Friday, 10 September 2010
A Brief History of Sound Recording Technology
Written by Alexander Tyml   
Thursday, 04 March 2010

From the Phonograph Cylinder to the Digital Audio Workstation

phonograph_daw.jpg"Behind the MP3" Vol. 1 | Issue 4

Approximately 1,200 years ago, the earliest known mechanical-musical instrument was invented: the organ. Its ability to play interchangeable cylinders automatically remains the most basic device to produce and reproduce music mechanically. Nowadays, in a world seemingly characterized by Jean Baudrillard’s simulacra (a copy with no original), digital recording has changed the way we produce, sell and listen to music.

To break it down, sound recording and reproduction is an electrical inscription and recreation of sound waves from a spoken voice or an instrument. Essentially, there are two main classes of sound recording technology: analog recording and digital recording.

The phonograph cylinder, invented by Thomas Edison in 1877, was the first sound recording and reproduction device to enable the mass production of popular music, such as “Auld Lang Syne” sung by Frank C. Stanley, which is known to North Americans as the new years song.  

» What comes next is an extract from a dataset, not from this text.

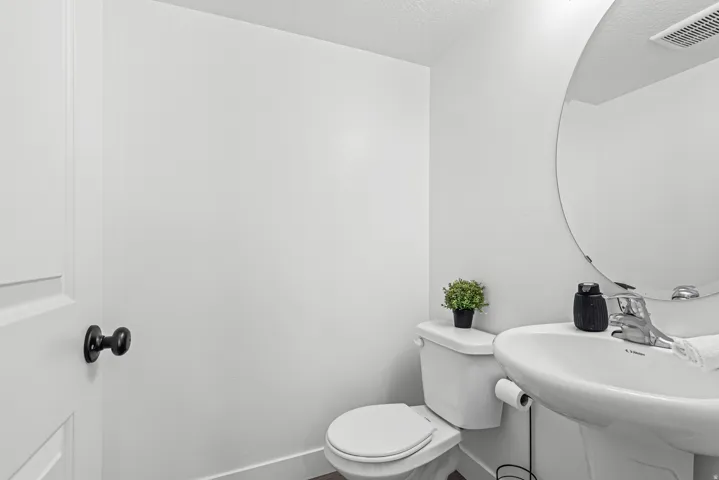 White pedestal sink with chrome faucet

The next major technical development was the gramophone disc. Shellac discs were easier to manufacture, transport and store, and they had the additional benefit of being louder than cylinders. By the end of WWI, shellac discs became the dominant commercial recording format, and the double-sided 78 revolutions per minute (rpm) disc was the standard consumer music format until the late 1950s.  

The 45rpm and the 12-inch long-playing (LP) vinyl record completely replaced the 78rpm shellac disc by the end of the 1950s because vinyl offered improved performance in playback.  

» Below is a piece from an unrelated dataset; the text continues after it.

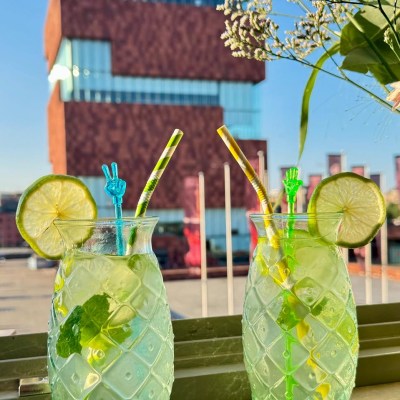 Two lime-mint drinks with straws, city building background.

Soon enough, the magnetic tape and the tape recorder revolutionized radio and the recording industry. Sound could be recorded, erased and re-recorded on the same tape many times, and the recordings could be precisely edited by physically cutting the tape and rejoining it. This paved the way for innovative pop music recordings from artists such as Frank Zappa, The Beatles and The Beach Boys.  

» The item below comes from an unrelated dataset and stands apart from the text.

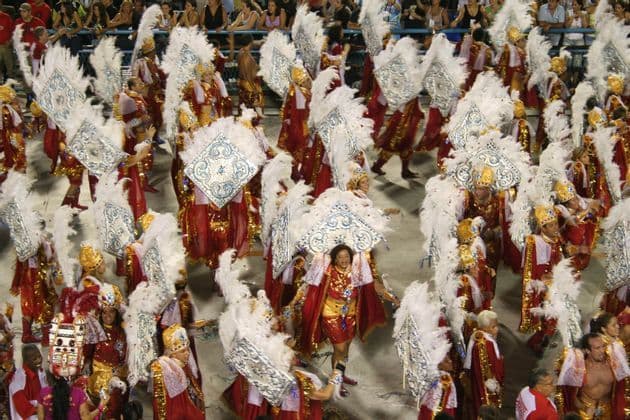 Vista aérea de muchos artistas con trajes de plumas rojos y blancos desfilando durante un carnaval.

In the 1980s, digital sound recording initiated another wave of change in the consumer music industry with the development of various uncompressed and compressed digital audio file formats, processors capable of converting data to sound in real time and inexpensive, mass storage.  

Audio editing became practicable with the invention of magnetic tape recording, but digital audio and mass storage allows computers to edit audio files quickly, easily and cheaply. Furthermore, multitrack recording makes it possible to capture signals from several microphones.  

Currently, the digital audio workstation (DAW) is the most effective system to record, edit and play back digital audio. A DAW’s key feature is the ability to freely manipulate recorded sounds with level balancing, compression, limiting and adding effects such as reverberation and equalization.  

These recent technological developments in recording and editing have transformed the record, movie and television industries, and have changed the way we produce original art. Now, it’s just a matter of differentiating unique sounds from copies with no originals.